A typical kind of column in the Boston Globe that blames the Arabs for the Middle East crisis. Why can’t those annoying Arabs just accept the scraps offered by Israel, asks Jeff Jacoby?

A great response was posted on the paper’s website:

Dear Jeff Jacoby,

Your column in today’s Boston Globe defending Israel and titled, “Peace isn’t Arab goal” is a perfect demonstration of the unselfconscious racism of those who defend Israel.

You argue that “Arabs” have rejected historic opportunities for a two-state solution because what they really want is not peace but “Israel’s liquidation.”

The racist premise of your whole column is that there is something wrong and shameful about wanting “Israel’s liquidation.” You use the word “liquidation” because it has a negative connotation. You could have used the word “abolition,” which means the same thing but has a positive connotation. American Abolitionists fought to abolish (or liquidate) the slave-based Confederacy. Many Americans fought to abolish (or liquidate) the Nazi’s Master Race-based Third Reich.
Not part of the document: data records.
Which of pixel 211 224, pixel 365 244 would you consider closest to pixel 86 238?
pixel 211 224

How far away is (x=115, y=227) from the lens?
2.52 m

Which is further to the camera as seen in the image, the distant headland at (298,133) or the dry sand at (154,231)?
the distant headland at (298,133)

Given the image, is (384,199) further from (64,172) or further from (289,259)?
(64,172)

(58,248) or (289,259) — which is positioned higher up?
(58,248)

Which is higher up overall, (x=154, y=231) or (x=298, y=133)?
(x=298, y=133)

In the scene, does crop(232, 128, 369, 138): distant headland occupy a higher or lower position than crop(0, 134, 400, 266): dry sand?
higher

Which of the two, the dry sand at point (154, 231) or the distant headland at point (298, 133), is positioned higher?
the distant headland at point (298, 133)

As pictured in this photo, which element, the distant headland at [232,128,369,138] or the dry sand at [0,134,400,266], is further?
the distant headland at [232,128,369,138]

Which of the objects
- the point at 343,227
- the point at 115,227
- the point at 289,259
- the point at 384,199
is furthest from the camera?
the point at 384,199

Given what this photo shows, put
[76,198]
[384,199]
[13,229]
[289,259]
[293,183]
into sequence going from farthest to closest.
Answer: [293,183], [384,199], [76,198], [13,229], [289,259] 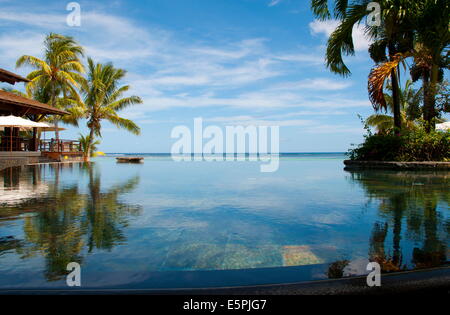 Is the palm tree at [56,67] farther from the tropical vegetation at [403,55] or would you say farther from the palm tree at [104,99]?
the tropical vegetation at [403,55]

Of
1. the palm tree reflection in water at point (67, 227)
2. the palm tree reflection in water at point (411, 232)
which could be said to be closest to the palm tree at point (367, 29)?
the palm tree reflection in water at point (411, 232)

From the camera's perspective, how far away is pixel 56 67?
78.7 ft

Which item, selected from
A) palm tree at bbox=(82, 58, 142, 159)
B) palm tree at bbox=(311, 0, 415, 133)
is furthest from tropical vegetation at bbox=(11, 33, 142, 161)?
palm tree at bbox=(311, 0, 415, 133)

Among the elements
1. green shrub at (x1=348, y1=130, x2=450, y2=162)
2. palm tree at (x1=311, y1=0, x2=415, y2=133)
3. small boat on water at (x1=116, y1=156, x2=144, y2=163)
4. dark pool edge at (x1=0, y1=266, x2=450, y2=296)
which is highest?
palm tree at (x1=311, y1=0, x2=415, y2=133)

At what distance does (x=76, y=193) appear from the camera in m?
6.75

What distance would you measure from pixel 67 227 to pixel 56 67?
24.7 metres

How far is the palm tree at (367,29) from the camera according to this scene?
12571 mm

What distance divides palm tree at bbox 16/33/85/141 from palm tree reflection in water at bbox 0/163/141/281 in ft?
70.9

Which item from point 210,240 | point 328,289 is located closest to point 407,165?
point 210,240

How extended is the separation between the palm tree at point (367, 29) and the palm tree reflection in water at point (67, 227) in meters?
12.4

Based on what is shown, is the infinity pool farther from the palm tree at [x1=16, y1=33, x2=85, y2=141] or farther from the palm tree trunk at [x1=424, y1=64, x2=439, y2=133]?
the palm tree at [x1=16, y1=33, x2=85, y2=141]

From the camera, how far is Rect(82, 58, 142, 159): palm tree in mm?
26078

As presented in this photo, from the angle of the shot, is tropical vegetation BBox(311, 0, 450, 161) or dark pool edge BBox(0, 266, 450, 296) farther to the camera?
tropical vegetation BBox(311, 0, 450, 161) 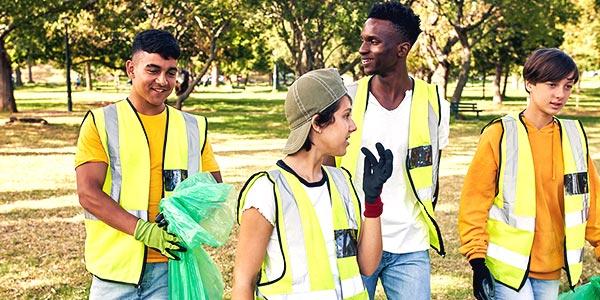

Even you, Jeff Jacoby, may have participated in the world-wide effort to abolish (or liquidate) the apartheid South African state.

Mr. Jacoby, here is why the state of Israel should indeed be abolished. If anybody declared 78% of Massachusetts to be a White state, that state would be a racist state that should be abolished. Ditto if it were a Black state or a Muslim state or a Christian state or a Native American state or a Blue-eyed peoples state or a Brown-haired peoples state. Do you not agree Mr. Jacoby? Do you not agree that a state should never be for just one kind of people, but for all of its citizens regardless of their race or religion or ethnicity? Well then, Mr. Jacoby, what’s wrong with “Arabs” thinking that it is wrong to declare 78% of Palestine to be a Jewish state? Nothing! That’s what’s wrong with it.

But you are so racist when it comes to this issue, so incapable of seeing that there is nothing less racist about a Jewish state than a White state, that you actually have no clue why your readers won’t agree with you in thinking there is something shameful about wanting to abolish–excuse me, liquidate–a Jewish state.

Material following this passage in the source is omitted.